» Exercise details
Whenever a line in the data holds the string "être", copy that line.
_ _ _ _
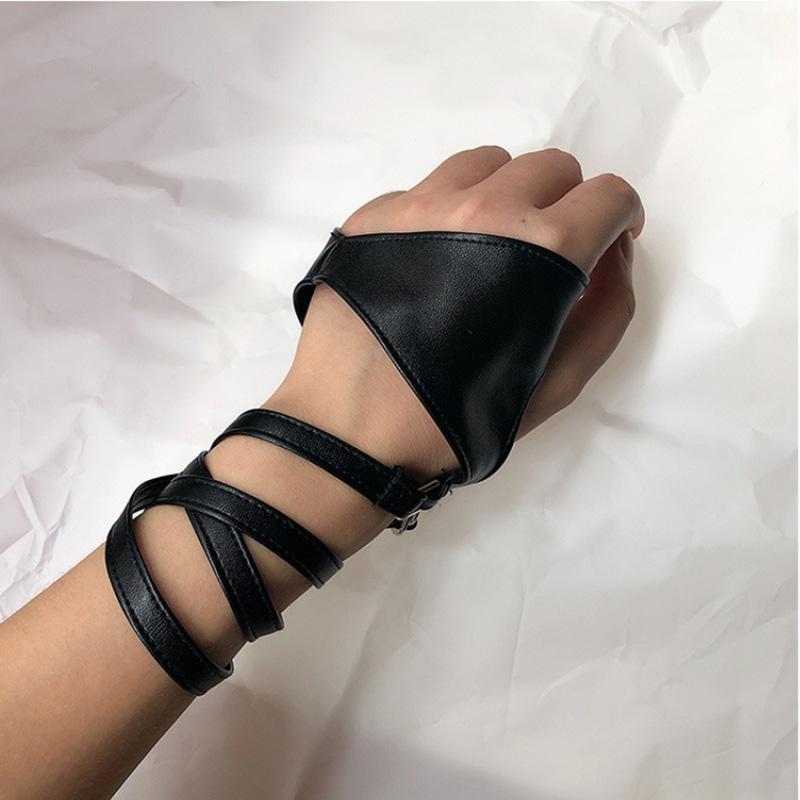 Women Sexy Black Half-Finger Gothic Punk Style Strap Leather Gloves Fingerless Hip-Hop Cosplay Stage Perfermence Accessories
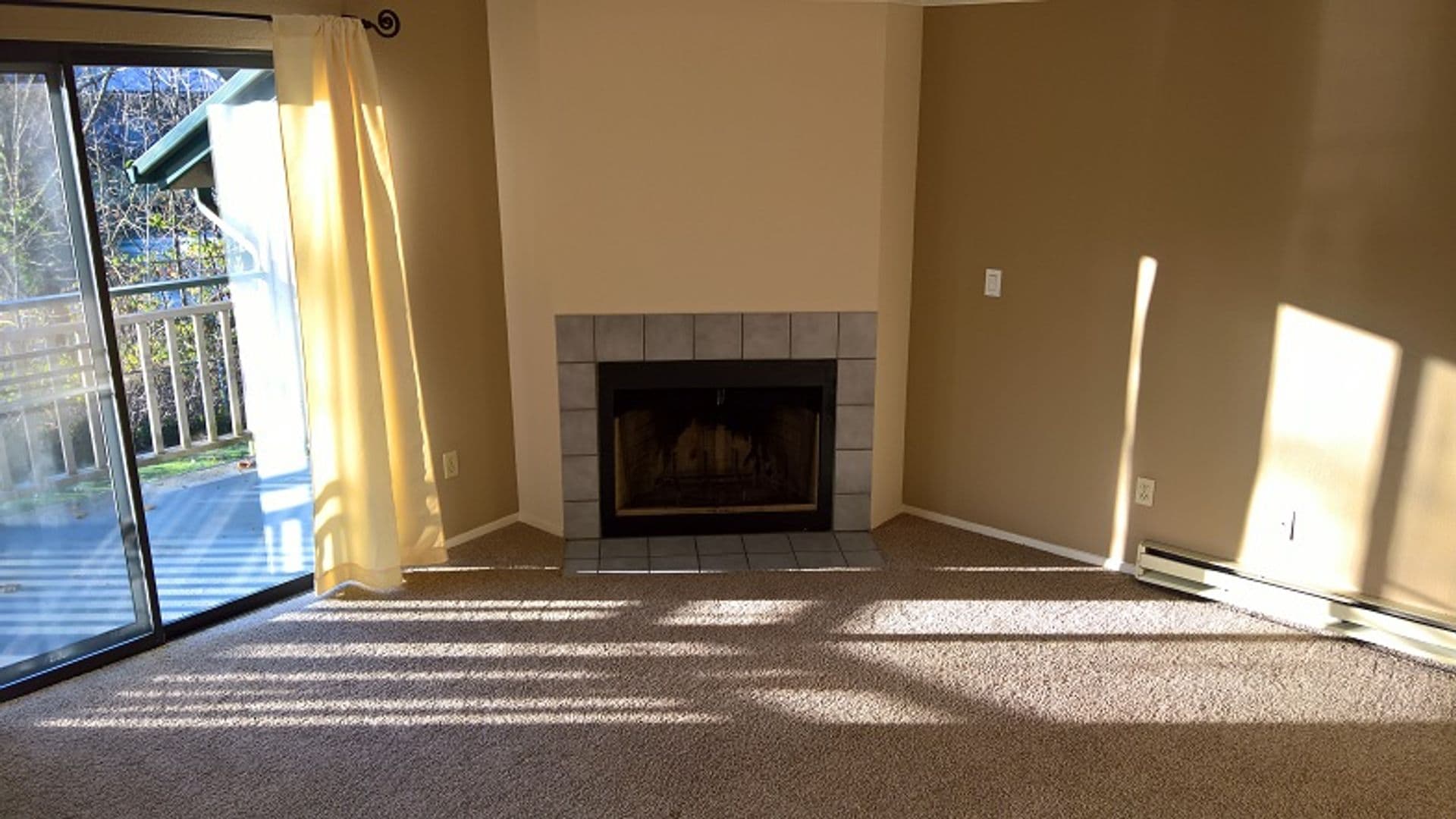 Redmond Condo: 13801 NE Old Redmond Road #C205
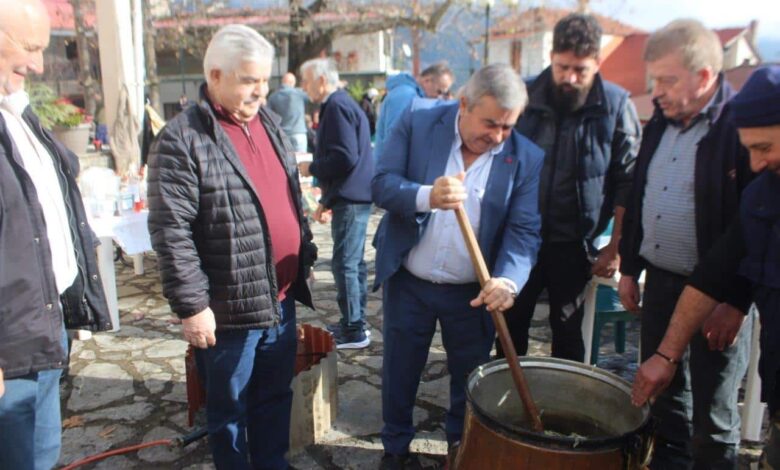 Γιορτή-Τσιγαρίδας-στο-Βροντερό-με-παρουσία-του-Δημάρχου-Πύλης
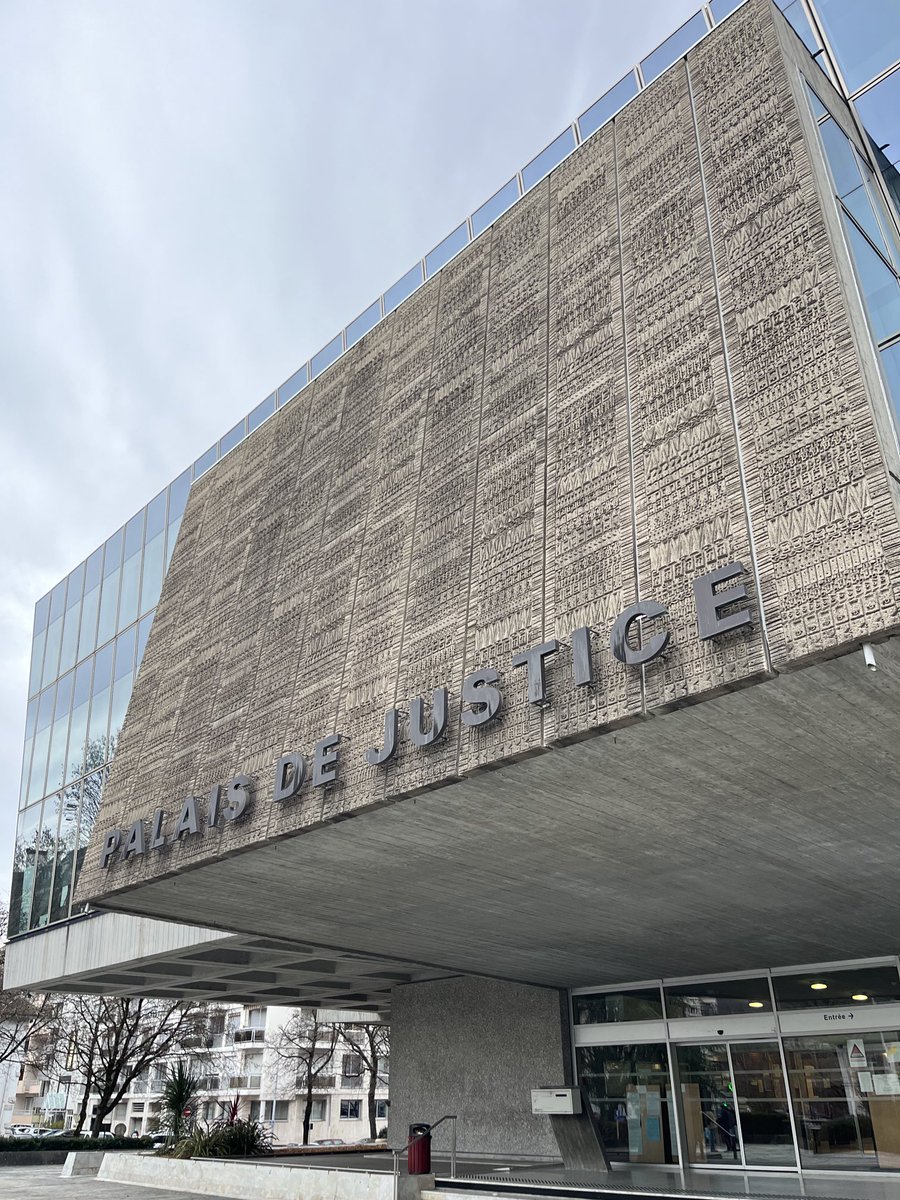 Les 4 étapes procédurales  pour une culpabilité pénale 

1) des simples soupçons pour être placé en garde à vue 
2) des indices graves ou concordants pour être mis en examen 
3) des charges suffisantes en fin d’instruction pour être jugé
4) des preuves pour être condamné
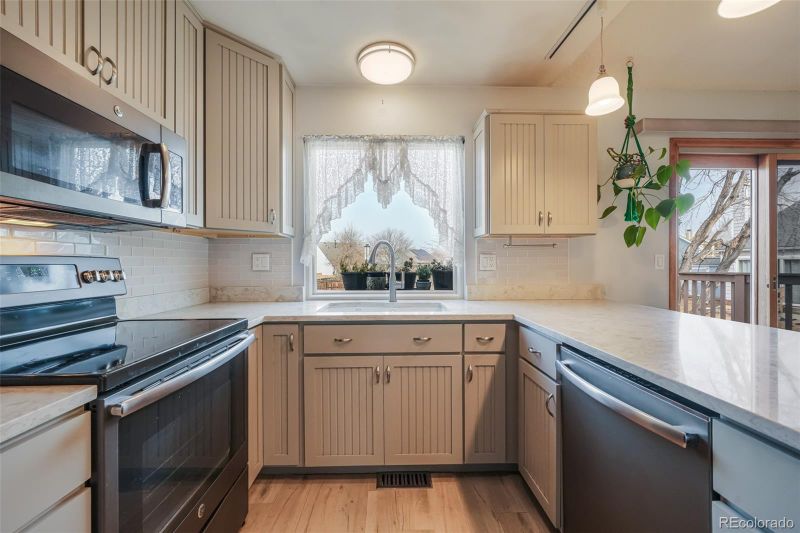 19863 E Dartmouth Pl, Aurora, CO 80013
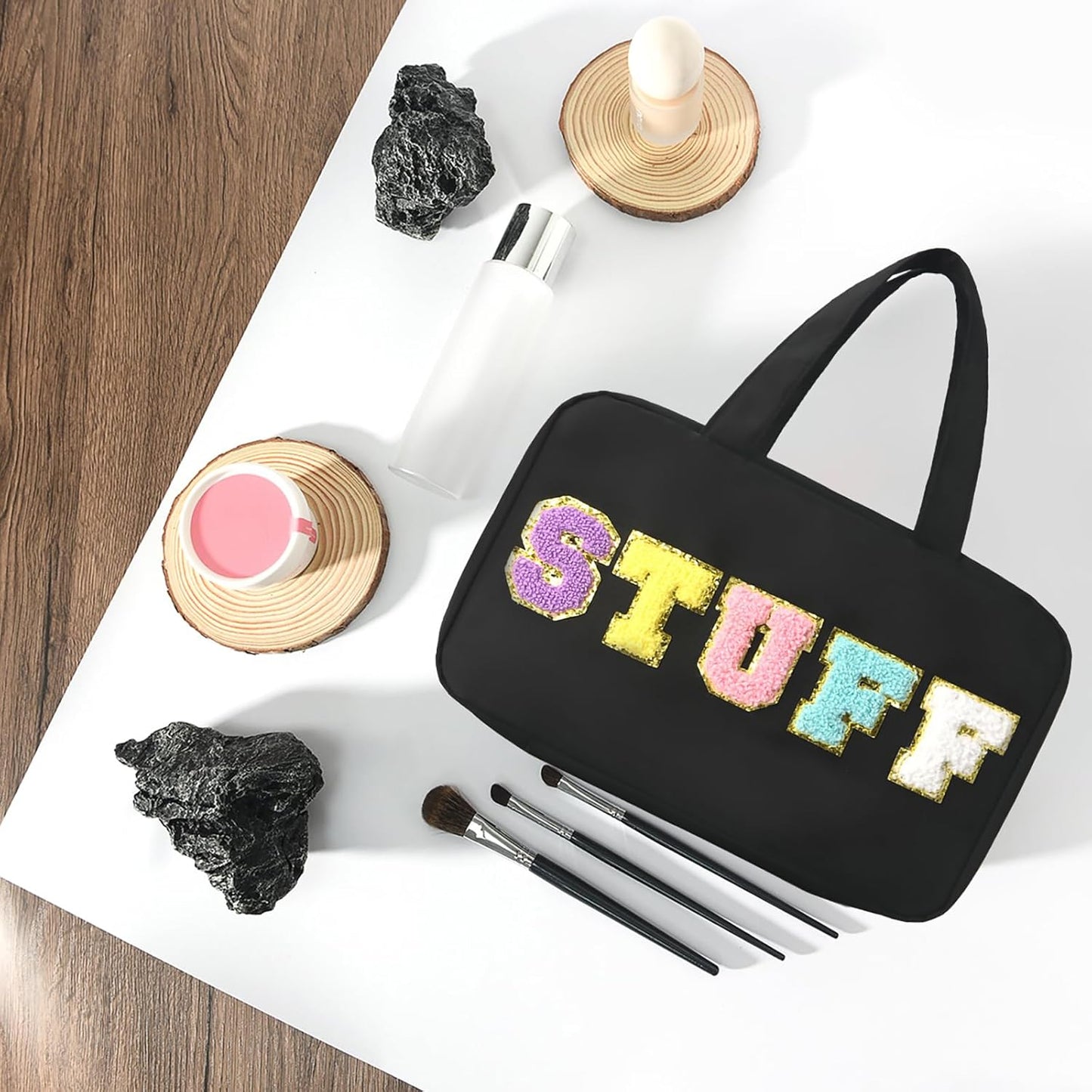 Toiletry Bag for Women Chenille Letter Makeup Bag Water-resistant Cosmetic Bag Travel Bag with Hanging Hook Preppy for Store Toiletries Cosmetic Accessories Large Capacity Black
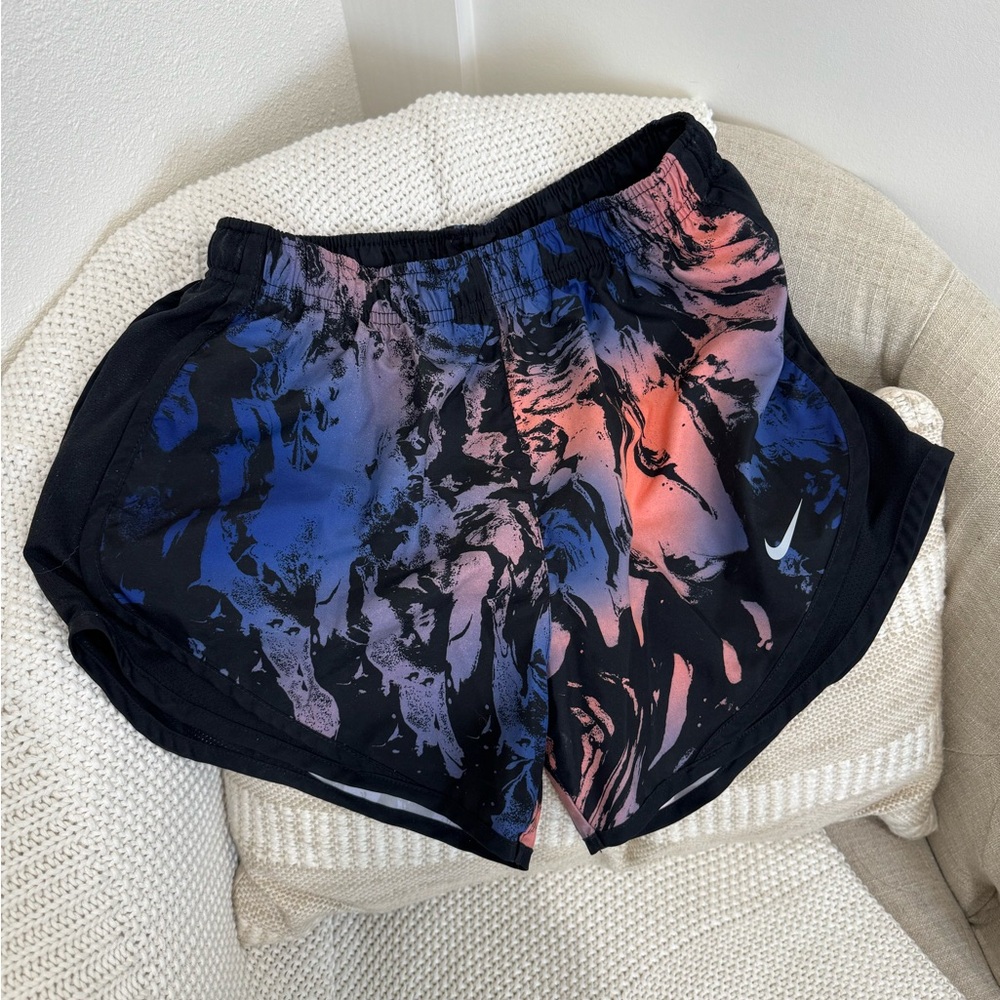 Nike Women's Black and Blue Graphic Shorts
_ _ _ _
» Solution to this problem
1) des simples soupçons pour être placé en garde à vue 
2) des indices graves ou concordants pour être mis en examen 
3) des charges suffisantes en fin d’instruction pour être jugé
4) des preuves pour être condamné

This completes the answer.